◆ Problem statement ◆
The data below is to be output in full, unchanged.

◆ Source material ◆
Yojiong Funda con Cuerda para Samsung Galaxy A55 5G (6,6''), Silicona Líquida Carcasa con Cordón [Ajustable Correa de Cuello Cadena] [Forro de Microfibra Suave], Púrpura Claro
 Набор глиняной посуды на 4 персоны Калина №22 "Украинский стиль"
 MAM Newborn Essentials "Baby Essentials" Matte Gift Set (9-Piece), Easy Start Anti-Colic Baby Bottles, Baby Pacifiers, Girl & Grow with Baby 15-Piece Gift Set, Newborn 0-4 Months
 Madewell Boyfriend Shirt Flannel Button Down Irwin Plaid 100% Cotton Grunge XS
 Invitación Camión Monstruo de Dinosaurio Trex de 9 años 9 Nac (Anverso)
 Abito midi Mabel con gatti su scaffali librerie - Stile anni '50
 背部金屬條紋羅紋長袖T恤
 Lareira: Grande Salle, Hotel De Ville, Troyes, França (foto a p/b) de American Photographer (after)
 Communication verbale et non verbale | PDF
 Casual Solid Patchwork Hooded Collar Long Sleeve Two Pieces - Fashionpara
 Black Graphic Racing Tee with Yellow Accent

◆ Answer section ◆
Yojiong Funda con Cuerda para Samsung Galaxy A55 5G (6,6''), Silicona Líquida Carcasa con Cordón [Ajustable Correa de Cuello Cadena] [Forro de Microfibra Suave], Púrpura Claro
 Набор глиняной посуды на 4 персоны Калина №22 "Украинский стиль"
 MAM Newborn Essentials "Baby Essentials" Matte Gift Set (9-Piece), Easy Start Anti-Colic Baby Bottles, Baby Pacifiers, Girl & Grow with Baby 15-Piece Gift Set, Newborn 0-4 Months
 Madewell Boyfriend Shirt Flannel Button Down Irwin Plaid 100% Cotton Grunge XS
 Invitación Camión Monstruo de Dinosaurio Trex de 9 años 9 Nac (Anverso)
 Abito midi Mabel con gatti su scaffali librerie - Stile anni '50
 背部金屬條紋羅紋長袖T恤
 Lareira: Grande Salle, Hotel De Ville, Troyes, França (foto a p/b) de American Photographer (after)
 Communication verbale et non verbale | PDF
 Casual Solid Patchwork Hooded Collar Long Sleeve Two Pieces - Fashionpara
 Black Graphic Racing Tee with Yellow Accent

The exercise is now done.